Counterparties to a transaction would need to agree in advance to use a QES mechanism at completion and, amongst other things:

  • check constitutional and other contractual documents to ensure that they do not contain restrictions on the manner in which documents can be signed
  • identify the types of documents that will need to be signed to complete the transaction. Certain instruments (such as employment contracts) and documents required by law to take the form of a notarial deed, or requiring a legalisation process, may not be capable of being executed by e-signature. In addition, certain documents (such as share registers and share certificates) might only be available in hard copy format and arrangements would need to be made to ensure that this will not obstruct the “e-completion” of the transaction
  • consider whether any instrument to be e-signed will need to be witnessed (and whether the witness will need to sign in the presence of the signatory) or authenticated by a notary for use in another jurisdiction and whether the notary will be able to legalise the e-signature. A related consideration is whether the instrument in question will require the “apostille” as this can frequently only be issued in paper format attached to an original hard copy document
  • check that the documents to be e-signed will be recognised under any relevant or third-country laws

Registration with a qualified TSP

Once it is clear that e-signing is appropriate, all parties should agree upon and register with a TSP in an appropriate Member State before the completion date and ensure that they have access to the relevant mechanism to create the e-signature.

This could mean, for example, that a signatory might be equipped with a pair of cryptographic keys. One key is kept private in a protected ‘container’ which remains under the sole control of the signatory; the other key is public and can be shared with anyone.

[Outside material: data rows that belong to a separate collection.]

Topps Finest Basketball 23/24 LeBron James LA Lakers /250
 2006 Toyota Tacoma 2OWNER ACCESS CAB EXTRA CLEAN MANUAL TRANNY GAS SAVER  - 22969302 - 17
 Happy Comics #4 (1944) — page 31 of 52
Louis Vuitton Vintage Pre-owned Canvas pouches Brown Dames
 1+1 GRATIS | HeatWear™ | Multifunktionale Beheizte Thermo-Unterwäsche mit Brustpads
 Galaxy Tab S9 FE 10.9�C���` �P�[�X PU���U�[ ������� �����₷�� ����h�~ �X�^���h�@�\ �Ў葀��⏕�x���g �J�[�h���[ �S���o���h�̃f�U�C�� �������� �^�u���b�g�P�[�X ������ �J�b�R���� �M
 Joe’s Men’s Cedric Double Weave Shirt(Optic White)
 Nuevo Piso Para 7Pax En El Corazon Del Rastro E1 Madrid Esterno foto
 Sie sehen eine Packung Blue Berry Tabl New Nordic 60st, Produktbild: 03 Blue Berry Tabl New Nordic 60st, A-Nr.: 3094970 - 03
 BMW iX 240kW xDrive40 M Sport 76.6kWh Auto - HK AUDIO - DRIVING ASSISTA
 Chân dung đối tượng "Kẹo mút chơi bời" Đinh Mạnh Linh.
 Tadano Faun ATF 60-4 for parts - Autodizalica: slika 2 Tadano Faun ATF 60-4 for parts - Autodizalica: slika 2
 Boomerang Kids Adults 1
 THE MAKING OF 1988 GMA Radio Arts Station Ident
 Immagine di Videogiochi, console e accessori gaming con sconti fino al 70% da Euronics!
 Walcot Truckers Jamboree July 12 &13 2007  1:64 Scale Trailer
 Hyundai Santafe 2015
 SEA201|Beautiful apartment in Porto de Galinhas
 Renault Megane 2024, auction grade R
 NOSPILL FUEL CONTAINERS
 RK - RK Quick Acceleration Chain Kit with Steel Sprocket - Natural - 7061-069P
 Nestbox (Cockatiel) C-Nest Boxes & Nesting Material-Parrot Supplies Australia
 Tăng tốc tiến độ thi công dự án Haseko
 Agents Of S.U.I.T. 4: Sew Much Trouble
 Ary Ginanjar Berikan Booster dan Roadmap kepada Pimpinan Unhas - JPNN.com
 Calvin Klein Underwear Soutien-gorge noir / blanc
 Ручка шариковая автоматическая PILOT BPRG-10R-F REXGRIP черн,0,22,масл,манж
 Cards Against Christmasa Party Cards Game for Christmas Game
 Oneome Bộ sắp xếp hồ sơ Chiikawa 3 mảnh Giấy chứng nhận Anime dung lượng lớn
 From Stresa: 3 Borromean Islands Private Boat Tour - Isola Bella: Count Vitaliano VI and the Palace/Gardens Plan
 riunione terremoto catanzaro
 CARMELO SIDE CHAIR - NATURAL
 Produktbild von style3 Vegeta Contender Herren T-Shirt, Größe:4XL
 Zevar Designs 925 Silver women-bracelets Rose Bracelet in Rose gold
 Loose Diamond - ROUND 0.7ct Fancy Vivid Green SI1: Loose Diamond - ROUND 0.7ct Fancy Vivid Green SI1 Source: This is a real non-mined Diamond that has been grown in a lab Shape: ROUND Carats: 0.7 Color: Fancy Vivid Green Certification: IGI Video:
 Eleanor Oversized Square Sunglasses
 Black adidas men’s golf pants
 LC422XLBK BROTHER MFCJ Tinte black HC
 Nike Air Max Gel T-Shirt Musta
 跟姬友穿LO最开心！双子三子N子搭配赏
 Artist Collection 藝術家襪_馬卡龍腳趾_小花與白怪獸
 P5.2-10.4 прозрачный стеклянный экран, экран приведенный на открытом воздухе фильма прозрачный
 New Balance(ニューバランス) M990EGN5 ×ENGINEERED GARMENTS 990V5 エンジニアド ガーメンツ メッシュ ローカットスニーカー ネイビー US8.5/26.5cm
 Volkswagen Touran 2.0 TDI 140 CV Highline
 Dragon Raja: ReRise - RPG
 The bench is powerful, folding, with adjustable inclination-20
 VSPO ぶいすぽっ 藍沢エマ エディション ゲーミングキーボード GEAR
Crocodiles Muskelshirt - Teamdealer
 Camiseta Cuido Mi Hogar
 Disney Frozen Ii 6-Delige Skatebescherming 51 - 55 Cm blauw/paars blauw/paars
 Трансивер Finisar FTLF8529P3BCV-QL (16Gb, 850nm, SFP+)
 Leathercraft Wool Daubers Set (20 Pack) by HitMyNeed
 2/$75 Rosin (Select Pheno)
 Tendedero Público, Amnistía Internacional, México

The parties will also need to submit to a virtual (or in-person) identification process, including verifications of official documents with the chosen qualified TSP. The process will provide certainty as to the signatory’s identity and is one of the main advantages of e-signatures. The registration process will only need to be completed once.

The list of EU list of TSPs can be found here.

Drafting the documents

Legal practitioners then need to carefully consider the standard or “boilerplate” clauses in the agreements to ensure that they are fit for purpose and allow e-signature. They also need to consider whether any assumptions need to be made in any legal opinions to be given to other transaction parties as conditions to the completion of the transaction.

Clearly, the solutions offered by TSPs come at a cost. However, after a proper analysis it might well be concluded that this will be largely offset by the enhanced legal certainty obtained, as well as savings in time and money spent dealing with the execution of documents, which involves not only the cost of coordinating and ensuring the availability of signatories throughout the world, but also printing, collating, scanning and couriering documents. Depending upon the type of transaction (i.e. how many documents are involved), there could be significant cost reduction if e-signatures were used systematically, in addition to the reduced environmental impact of conducting transactions through a “paperless systems”.

Harneys Luxembourg can offer advice on when and how to use e-signatures. Please do not hesitate to contact us for such advice.

 

[1] Regulation (EU) No 910/2014 of the European Parliament and of the Council of 23 July 2014 on electronic identification and trust services for electronic transactions in the internal market and repealing Directive 1999/93/EC had direct effect in EU Member States since 1 July 2016.

[2] Article 1322-1 of the Luxembourg Civil Code.

[3] Article 1322-2 of the Luxembourg Civil Code.

[4] Software or hardware designed to generate advanced e-signatures within the meaning of the eIDAS Regulation.

[5] Published on an EU trusted list and subject to supervision by the designated Members States’ authority.